Norwegians drive more electric cars per capita than anywhere else in the world.
One of the few things the international media seem to cover relentlessly about Norway is the proliferation of electric car use across the country. And they're quite right. Norway has more electric cars on its road than any other country, on a per capita basis.
In the first three months of 2016, Norway registered 11,124 pure electric and plug-in hybrid electric vehicles (PHEVs), representing 24.4 percent of all new vehicles.
The reason isn't because Norwegians care more about the environment than anyone else. The reason is, of course, money. Essentially, Norwegians have been financially incentivised by their government to buy electric cars over the previous decade, at a cost to the state of tens of thousands of kroner per car.
State subsidies, intended to promote a less polluting form of travel and cut greenhouse gas emissions, help bring the price of buying the top-selling electric Nissan Leaf in Norway down to 240,690 kr, which is competitive with similarly powered petrol cars.
In addition to these benefits, commuters driving into Oslo from the surrounding areas save up to 10,000 kr in road tolls over the course of the year, and get free parking which is also worth thousands of kroner per year.
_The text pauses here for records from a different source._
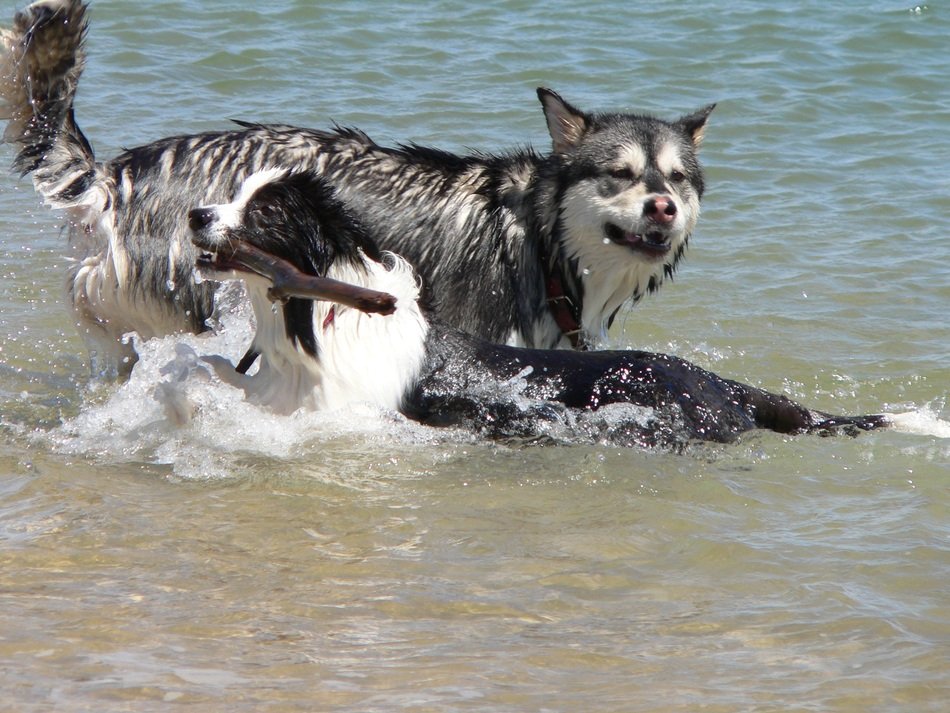 Dogs Swimming in ocean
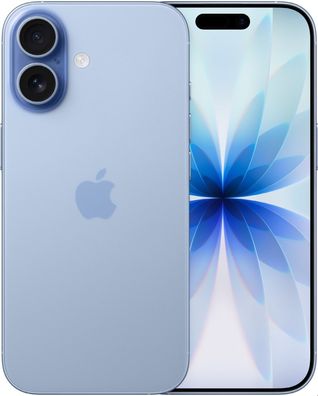 Apple iPhone 17 256GB Mist Blue | DHL Express: Schon morgen bei Ihnen!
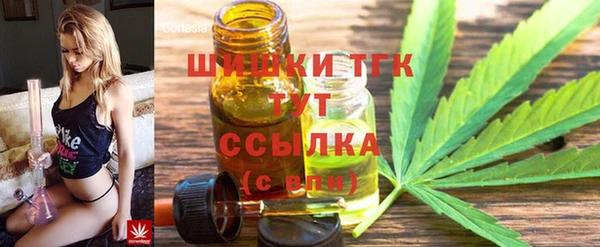 эйфоретик Каменка
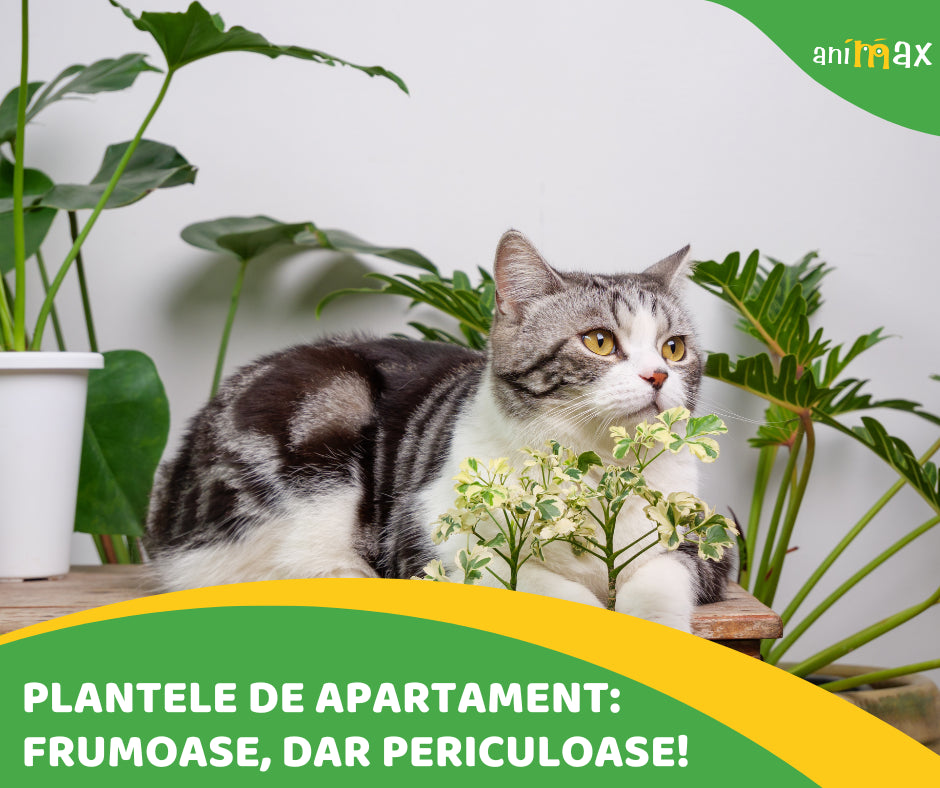 Plantele de apartament: frumoase, dar periculoase pentru pisici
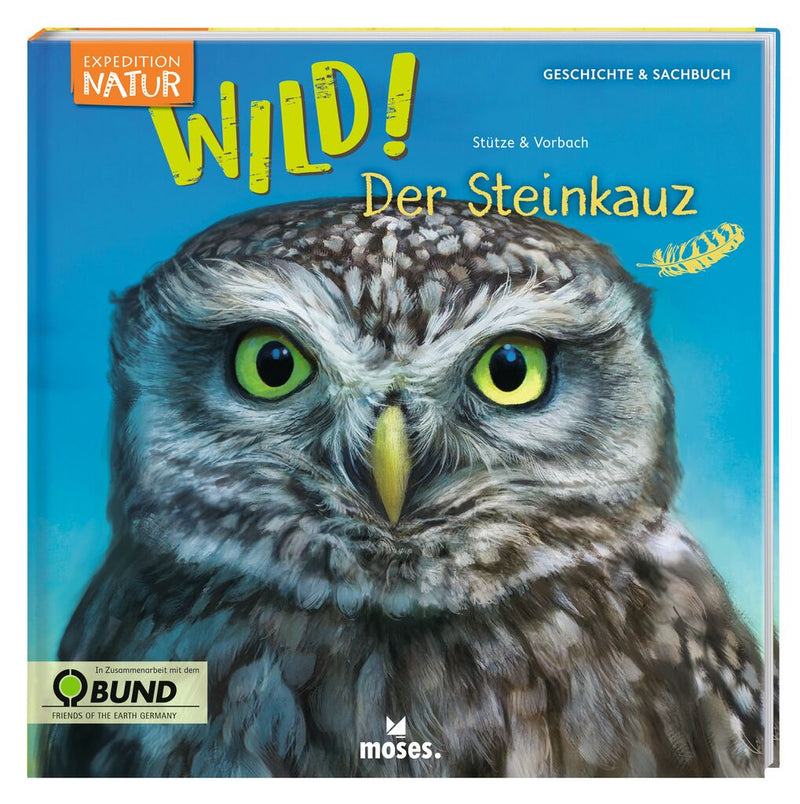WILD! - Der Steinkauz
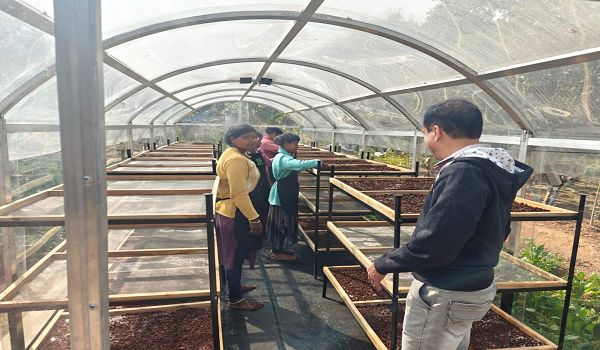 जशपुर में DST प्रायोजित परियोजना के तहत सोलर टनल ड्रायर की स्थापना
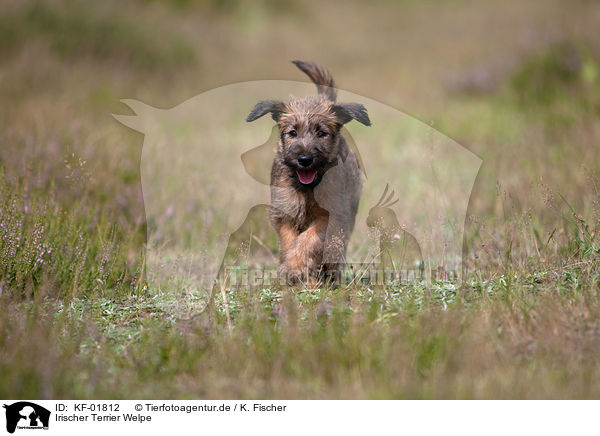 Irischer Terrier Welpe / KF-01812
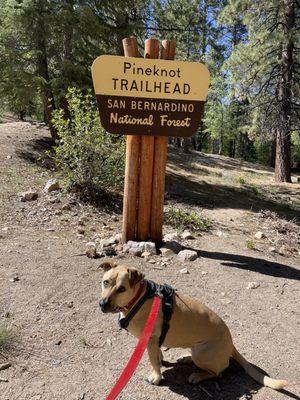 Pine Knot Trail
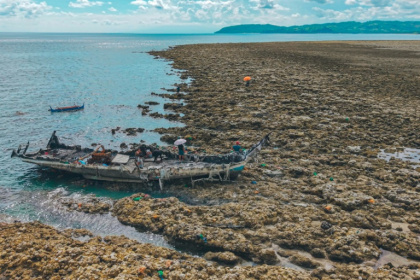 A powerful Philippine earthquake forced seafloor out of the water to make new shoreline - Ferdinandh Cabrera (AFP)
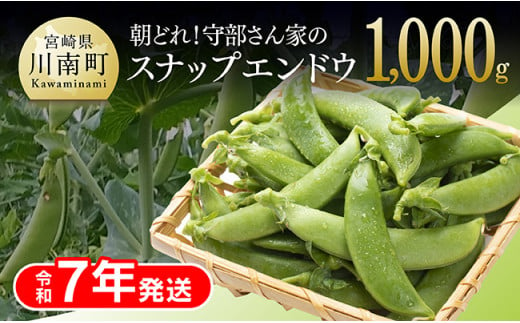 【令和7年発送】朝どれ！守部さん家のスナップエンドウ1.0kg【 野菜 宮崎県産 エンドウ豆 えんどう豆 おつまみ 2025年発送 】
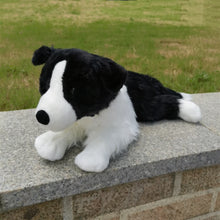 Load image into Gallery viewer, Border Collie Plush Toy - Adorable Black and White Border Collie-7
Norway's Parliament met its target of 50,000 zero-emission vehicles on the road three years early, in April 2015, and there were 70,000 vehicles on the road by the end of last year.
How Norwegians use electric cars
Many Norwegians use an electric car as an affordable second vehicle for quick trips to the shop and other errands, while they use their primary car for holidays and driving longer distances.
More than 10,000 charging stations are in place all around the country. Many are clustered in key areas around cities such as shopping centres, but others are strategically placed along routes between major cities, such as the E6 between Oslo and Trondheim, making long distance travel feasible, if time-consuming.
Electric vehicles can also be charged at home with suitable equipment, although is causing some problems on housing estates. There is an online database of charging locations open to all.
Since 1990, the Norwegian government has introduced the following incentives:
- No purchase/import taxes (1990)
- Exemption from 25% VAT on purchase (2001)
- Low annual road tax (1996)
- No charges on toll roads or ferries (1997 and 2009)
- Free municipal parking (1999)
- Access to bus lanes (2005)
- 50 % reduced company car tax (2000)
- Exemption from 25% VAT on leasing (2015)
Experts say electrification with renewable energy is essential if rich nations are serious about goals of cutting greenhouse gas emissions, but it's not so easy for Norway's success to be replicated in other countries.
Norway's fleet of electric cars is one of the cleanest in the world because so much of the electricity used within the country comes from hydropower.
In other countries, electric cars may cut local pollution by eliminating exhaust fumes, but are often charged from electricity generated by high-polluting coal-fired power plants.
Towards an electric future
Carmakers are shifting from all-electric towards hybrids like the Prius, which has a petrol engine backed up by an electric motor that traps energy when the brakes are applied.
This has left many electric car owners in Norway nervous about the future value of their cars.
However, EVs continue to sell well, so much depends on whether the Norwegian Government continue to subsidise them once the current package of support expires in 2017.
Update: This package has been extended by the new coalition government through to 2021. There's also been some interesting new developments in the area of electric transport, with the state-owned airport operator investigating the viability of electric aircraft for short-haul domestic routes by 2040. Watch this space!
For more information, see the Norwegian Electric Vehicle Association. The non-profit organisation represents the majority of electric car owners in Norway.
They cooperate with government and industry, and also promote Norway as a best case for electric vehicles policy to Europe and the rest of the world.